While completing one of the event’s obligatory tasks, signing a table full of white Sherrin footballs, Malthouse asked Carlton coach Brett Ratten how his new assistant coach Gavin Brown was going.

When told Brown had settled in well at Visy Park, Malthouse told Ratten: “I can't think of anyone more loyal".

Signing the footys seemed to invite a bit of chatter.  

As Scott and Adelaide coach Neil Craig practised their signatures, Craig asked Scott how his twin brother Chris was “enjoying” senior coaching since taking over from Mark Thompson at Geelong at the end of last season.

Scott replied Chris had been enjoying his new role when they’d last spoken but “the first three months were a whirlwind”.

While the other coaches had arrived at the meeting decked out in their respective club polo shits, Craig had arrived in his ‘civvies’. Armed with a backpack, he quickly ducked into the men's room and emerged looking immaculate in his Adelaide club gear.

Another person who made a beeline for the men’s room on arrival was the Federal Minister for Sport, Mark Arbib.

Mr Arbib was running late for a photo shoot with the coaches. They’d earlier been assembled from all over the room by AFLCA coaching development manager Paul Armstrong, who’d interrupted some as they tucked into the spread of sandwiches, fruit, biscuits, tea and coffee on offer.

When Mr Arbib took his place among the players, he did so in the front row, with Craig and Hawthorn’s Alastair Clarkson on either side of him.

A replica of the premiership cup was placed in the foreground of the shot.

Interestingly, it was placed between Eade and Craig, two long-term coaches yet to taste football’s ultimate success. You couldn’t help but think what both would give to be holding up the real thing on the first Saturday in October.

After the photographers had finished snapping, Arbib addressed the coaching group.
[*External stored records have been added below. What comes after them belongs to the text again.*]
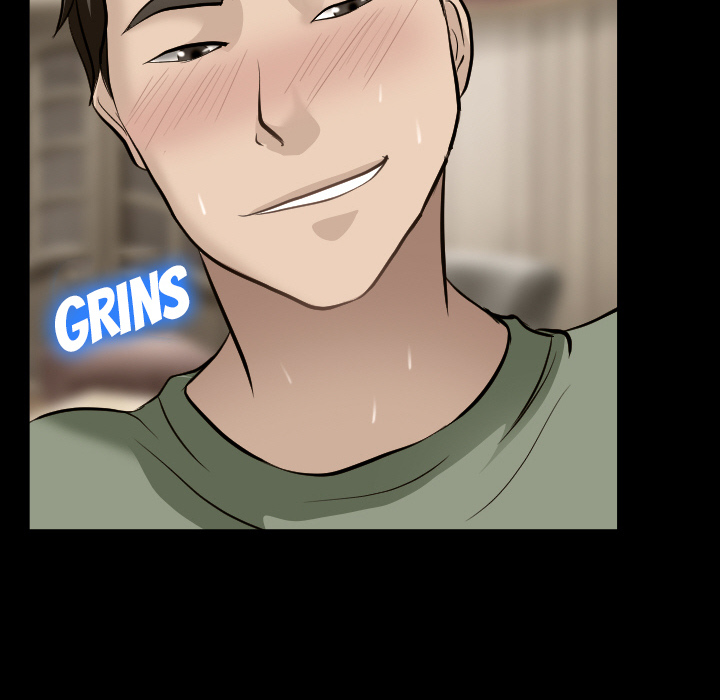 Sommerromanze - episode 4 - 54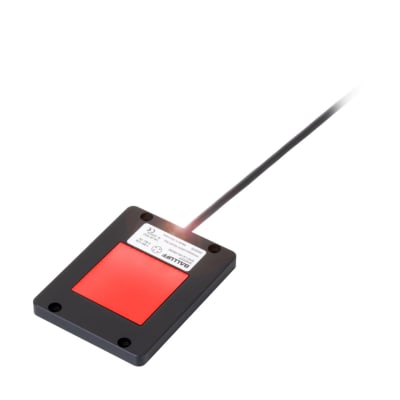 BALLUFF BAE LX-VS-HR050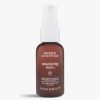 Beauty Aveda Travel Size Haircare | Volumizing Tonic 40 Ml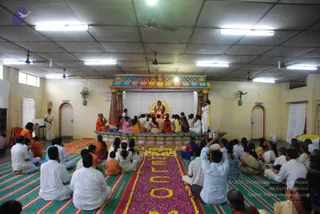 DSC_8899_CMP_WM
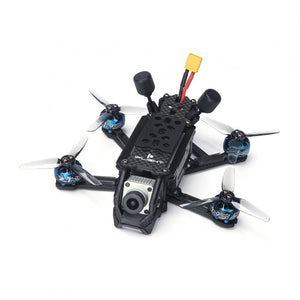 Iflight TITAN DC2 HD Whoop - FRSKY XM+ version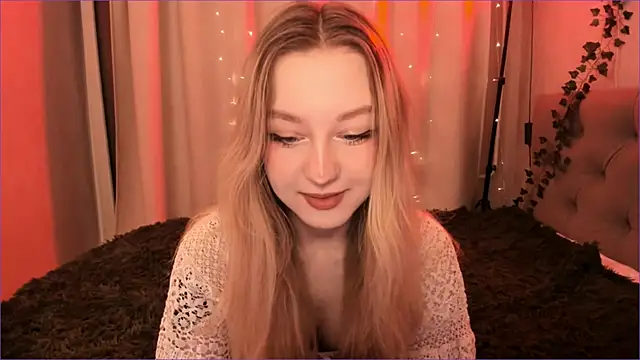 margorazentals online show from 04-01-26, 08:06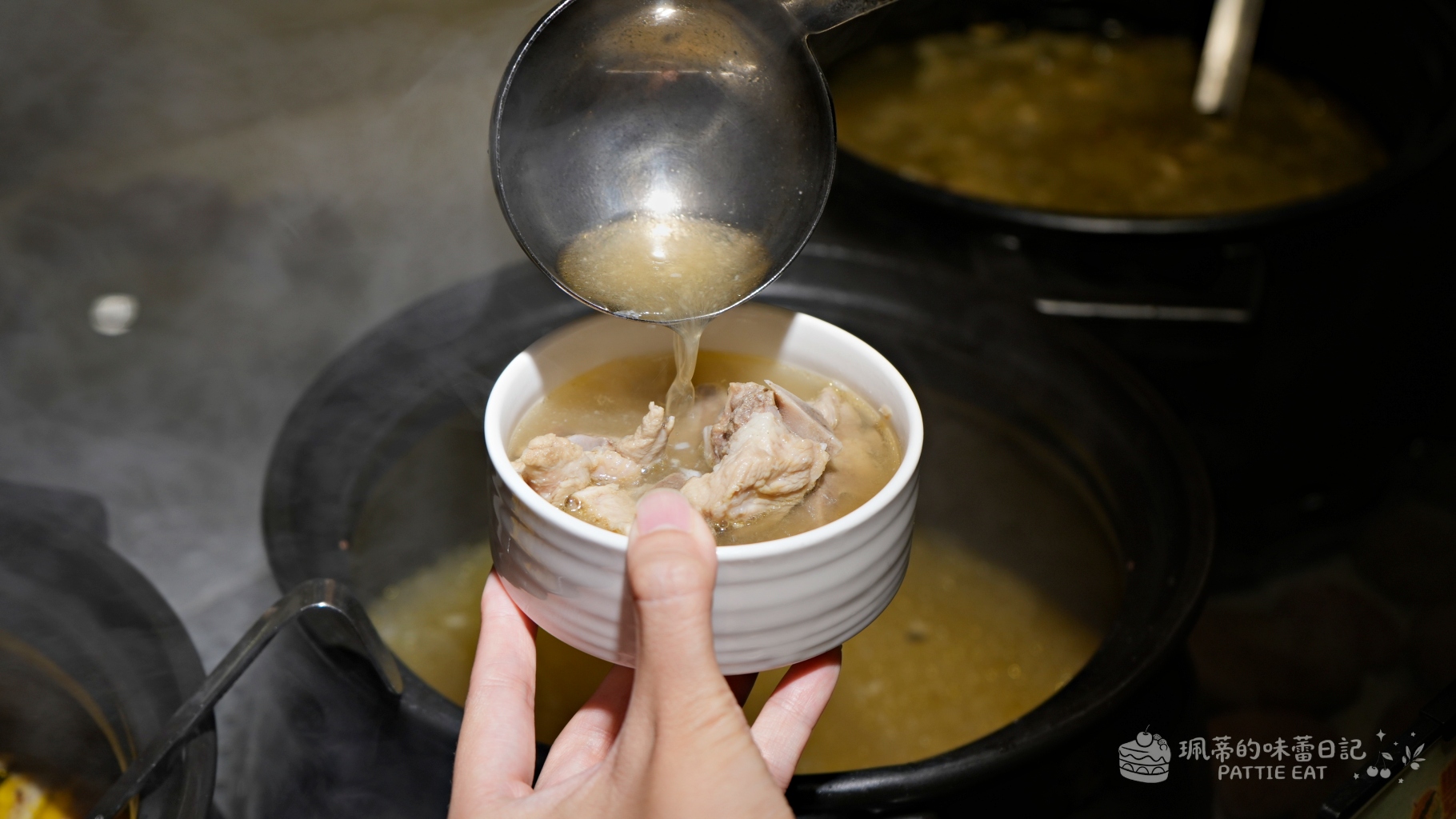 台北吃到飽推薦 大直典華｜豐 FOOD 海陸百匯 7-9月豐玩東南亞 用餐再抽東南亞雙人來回機票 午晚餐菜單價位 壽星平日四人同行一人免費 @珮蒂的味蕾日記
He told them the AFL competition was “amazing" and thanked them for the support they’d given to the AFL's community programs, emphasising they’d helped give Indigenous communities and children something to aspire to.

Perhaps the last word on the day should be left to the coaches.

Scott and Worsfold told afl.com.au the meeting was one of the few opportunities coaches had to discus common concerns.

“We all face common challenges so the opportunity to put them on the table and then discuss them with the key people at the AFL is invaluable,” Scott said.